This is one of the loonier[1] ideas to be found on Overcoming Bias (and that’s quite saying something). Exercise for the reader: test this idea that sharing opinions screens off the usefulness of sharing evidence with the following real-world scenario. I have participated in this scenario several times and know what the correct answer is.
Verbal abuse is not a productive response to the results of an abstract model. Extended imaginary scenarios are not a productive response either. Neither explains why the proofs are wrong or inapplicable, or if inapplicable, why they do not serve useful intellectual purposes such as proving some other claim by contradiction or serving as an ideal to aspire to. Please try to do better.
Your real world scenario tells you that sometimes sharing evidence will move judgements in the right direction.
Thinking that Robert Hanson or someone else on Overcoming Bias hasn’t thought of that argument is naive. Robert Hanson might sometimes make arguments that are wrong but he’s not stupid. If you are treating him as if he would be, then you are likely arguing against a strawman.
Apart from that your example also has strange properties like only four different kind of judgements that reviewers are allowed to make. Why would anyone choose four?
Your real world scenario tells you that sometimes sharing evidence will move judgements in the right direction.
It is a lot more than “sometimes”. In my experience (mainly in computing) no journal editor or conference chair will accept a referee’s report that provides nothing but an overall rating of the paper. The rubric for the referees often explicitly states that. Where ratings of the same paper differ substantially among referees, the reasons for those differing judgements are examined.
Apart from that your example also has strange properties like only four different kind of judgements that reviewers are allowed to make. Why would anyone choose four?
The routine varies but that one is typical. A four-point scale (sometimes with a fifth not on the same dimension: “not relevant to this conference”, which trumps the scalar rating). Sometimes they ask for different aspects to be rated separately (originality, significance, presentation, etc.). Plus, of course, the rationale for the verdict, without which the verdict will not be considered and someone else will be found to referee the paper properly.
Anyone is of course welcome to argue that they’re all doing it wrong, or to found a journal where publication is decided by simple voting rounds without discussion. However, Aumann’s theorem is not that argument, it’s not the optimal version of Delphi (according to the paper that gwern quoted), and I’m not aware of any such journal. Maybe Plos ONE? I’m not familiar with their process, but their criteria for inclusion are non-standard.
It is a lot more than “sometimes”. In my experience (mainly in computing) no journal editor or conference chair will accept a referee’s report that provides nothing but than an overall rating of the paper.
That just tells us that the journals believe that the rating isn’t the only thing that matters. But most journals just do things that make sense to them. The don’t draft their policies based on findings of decision science.
But most journals just do things that make sense to them. The don’t draft their policies based on findings of decision science.
Those findings being? Aumann’s theorem doesn’t go the distance. Anyway, I have no knowledge of how they draft their policies, merely some of what those policies are.
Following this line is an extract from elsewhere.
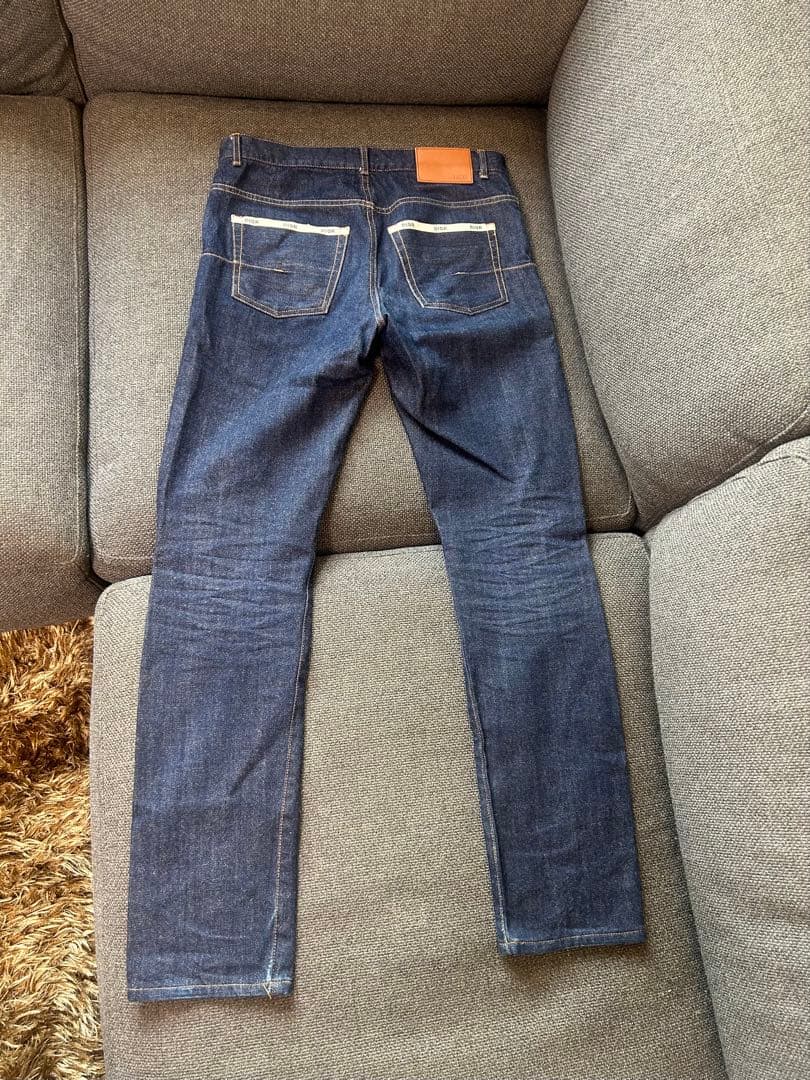 Dior ダークブルーデニム スリム 29サイズ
Do you have some information to share here?
For example that likert scales are nice if you want someone to give you their opinion.
Of course it might sense to actually do run experiments. Big publishers do rule over 1000′s of journals so it should be easy for them to do the necessary research if the wanted to do so.
Verbal abuse is not a productive response to the results of an abstract model. Extended imaginary scenarios are not a productive response either. Neither explains why the proofs are wrong or inapplicable, or if inapplicable, why they do not serve useful intellectual purposes such as proving some other claim by contradiction or serving as an ideal to aspire to. Please try to do better.
As I said, the scenario is not imaginary.
I might have done so, had you not inserted that condescending parting shot.
Your real world scenario tells you that sometimes sharing evidence will move judgements in the right direction.
Thinking that Robert Hanson or someone else on Overcoming Bias hasn’t thought of that argument is naive. Robert Hanson might sometimes make arguments that are wrong but he’s not stupid. If you are treating him as if he would be, then you are likely arguing against a strawman.
Apart from that your example also has strange properties like only four different kind of judgements that reviewers are allowed to make. Why would anyone choose four?
It is a lot more than “sometimes”. In my experience (mainly in computing) no journal editor or conference chair will accept a referee’s report that provides nothing but an overall rating of the paper. The rubric for the referees often explicitly states that. Where ratings of the same paper differ substantially among referees, the reasons for those differing judgements are examined.
The routine varies but that one is typical. A four-point scale (sometimes with a fifth not on the same dimension: “not relevant to this conference”, which trumps the scalar rating). Sometimes they ask for different aspects to be rated separately (originality, significance, presentation, etc.). Plus, of course, the rationale for the verdict, without which the verdict will not be considered and someone else will be found to referee the paper properly.
Anyone is of course welcome to argue that they’re all doing it wrong, or to found a journal where publication is decided by simple voting rounds without discussion. However, Aumann’s theorem is not that argument, it’s not the optimal version of Delphi (according to the paper that gwern quoted), and I’m not aware of any such journal. Maybe Plos ONE? I’m not familiar with their process, but their criteria for inclusion are non-standard.
That just tells us that the journals believe that the rating isn’t the only thing that matters. But most journals just do things that make sense to them. The don’t draft their policies based on findings of decision science.
Those findings being? Aumann’s theorem doesn’t go the distance. Anyway, I have no knowledge of how they draft their policies, merely some of what those policies are. Do you have some information to share here?
For example that likert scales are nice if you want someone to give you their opinion.
Of course it might sense to actually do run experiments. Big publishers do rule over 1000′s of journals so it should be easy for them to do the necessary research if the wanted to do so.
Yes, it is. You still have not addressed what is either wrong with the proofs or why their results are not useful for any purpose.
Wow. So you started it, and now you’re going to use a much milder insult as an excuse not to participate? Please try to do better.
Well, the caravan moves on. That −1 on your comment isn’t mine, btw.
That was excessive, and I now regret having said it.